Где-то там же кто-то невидимый и неслышимый, но всё это время следовавший за ним по пятам, схватил его, крепко стиснув пальцы, за предплечье.





Мальчик, не то чтобы даже испуганный — скорее, просто угнетенный и взвинченный, — дернулся, обернулся, вскинул, запрокинув назад, каштаново-рыжую пока еще голову. Прищурил начавшие слепнуть глаза, пытаясь понять, кто же таков этот серый безликий человек в стеклянном термооптическом скафандре, тающий, куда-то прямо на виду испаряющийся, зачем-то лишающийся нижней части прекращающего быть осязаемым тела.

Подумав, что картинка эта, как ни крути, страшная, а в его возрасте подобает плакать по поводу и без — нерешительно разревелся, принимаясь растирать здоровой и человеческой левой рукой такие же человеческие — ну и что, что один из них выгрызла голодная собака, а второй от всех этих дурацких газов, выпущенных в воздух, видел уже не то чтобы сильно хорошо — глаза.

— Не плачь, — сказал ему, мягко потрепав тяжелой ладонью по макушке, человек без головы и нижней части исчезающего туловища. — Оно того не стоит. В смысле, я давно уже не испытываю боли по этому поводу, если ты вдруг из-за меня.

Феникс напомнил себе еще раз, что он сейчас — маленький. А потому, легко расплакавшись, может так же легко успокоиться, прекратив выхныкивать соленые слезы да всхлипывать забитым до самого горла носом.

И, послушавшись, прекратил.

— Кто вы, дяденька? — спросил. — И почему у вас нет головы?

— Есть, — рассмеялся, всё продолжая и продолжая тормошить его волосы, загадочный половинчатый человек. — Вот у меня она как раз-таки есть.

Феникс нахмурился, пытаясь разгадать, о чем таком этот странный и немножко ненормальный, то ли не видевший себя в зеркало, то ли обо всем успевший позабыть, говорит, но разгадать ничего не успел; его требовательно потянули за руку и, грубо сдернув с едва не подломившихся ног, предложили — пусть на самом деле выбора и не предоставляя — отправиться следом.

Феникс, не видя, впрочем, ни единой причины, почему бы стоило воспротивиться или, например, закричать да захныкать снова, пошел.

Месяц, еще только что нависающий покалеченной гипсовой громадой, куда-то подевался, сменившись сначала обжегшей алой пустотой, а затем — прямоугольными древесными бараками с совсем не гостеприимно распахнутыми пугающими дверьми; в бараках и рядом с ними остро пахло не жаренным, а именно что обугленным мясом, каким-то новым кошмарным газом, скопившимися в одном месте убивающими болезнями и проливаемым на раны спиртом.
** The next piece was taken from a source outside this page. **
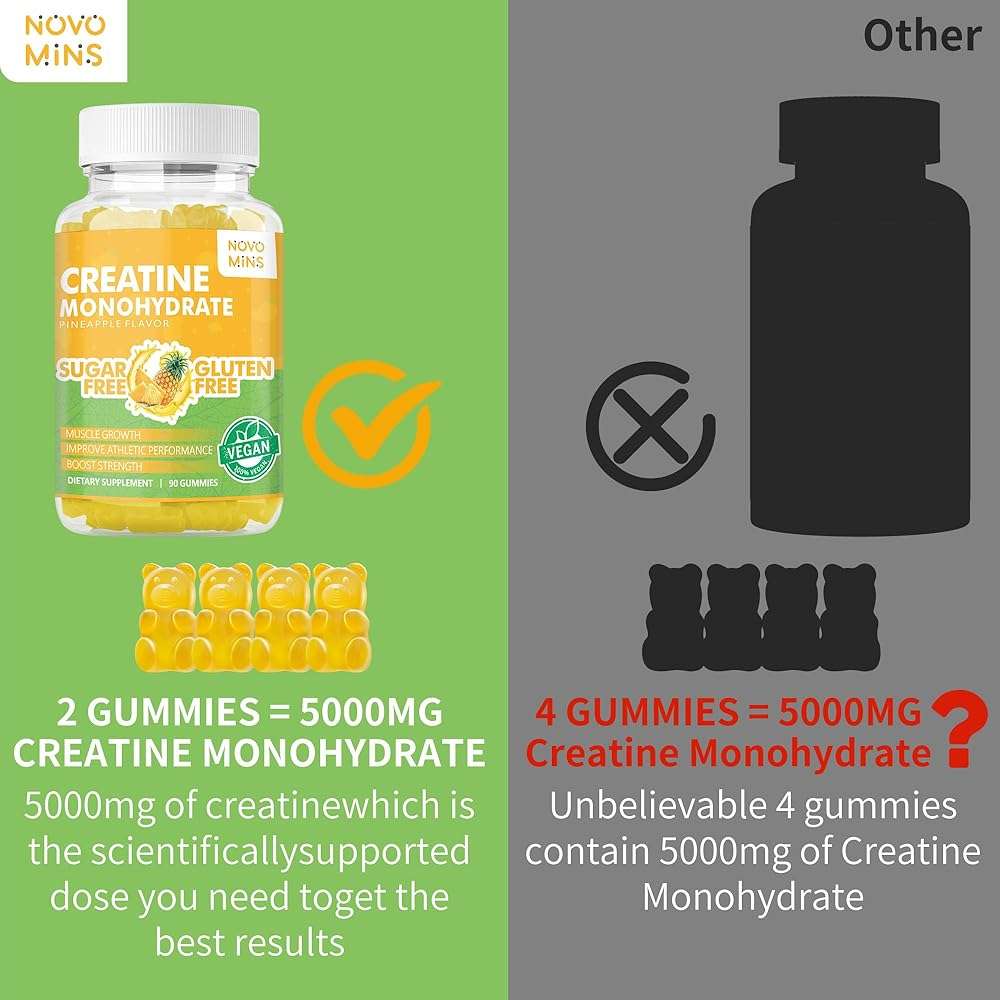novomins Creatine Monohydrate Gummies for Men & Women, Chewables Creatine Monohydrate for Muscle Strength, Muscle Builder, Energy Boost, Pre-Workout Supplement(90 Count)-Pineapple Flavor. - Image 6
Из высоких вентиляционных труб, котлов да задрапированных грязными марлями решеток валили клубы густого серого дыма, разящего подкопченными головешками, марганцем, железом и обеззараживающей пресной хлоркой.

— Куда мы идем? — зябко спросил Феникс, бессильно артачась на пороге, которого ни за что не хотелось переступать, и думая, что пошел сюда все-таки зря. Что нужно было бежать, нельзя было ни в коем разе соглашаться. — И зачем…? Мне… не нравится здесь. Мне очень-очень не нравится здесь, честно…

— В санитарный барак, — отозвался, ни на секунду не остановившись, скафандровый человек. — Ты ведь плохо себя чувствуешь, правильно? Значит, нечего и бояться: там тебе помогут. И всё. Ты станешь чувствовать себя намного лучше. Обещаю.

Мальчик, таким заявлением огорошенный, рассеянно задумался, прикусил покрытую кровистой корочкой нижнюю губу: сколько он ни копался в себе, а ничего плохочувствующего отыскать так и не сумел.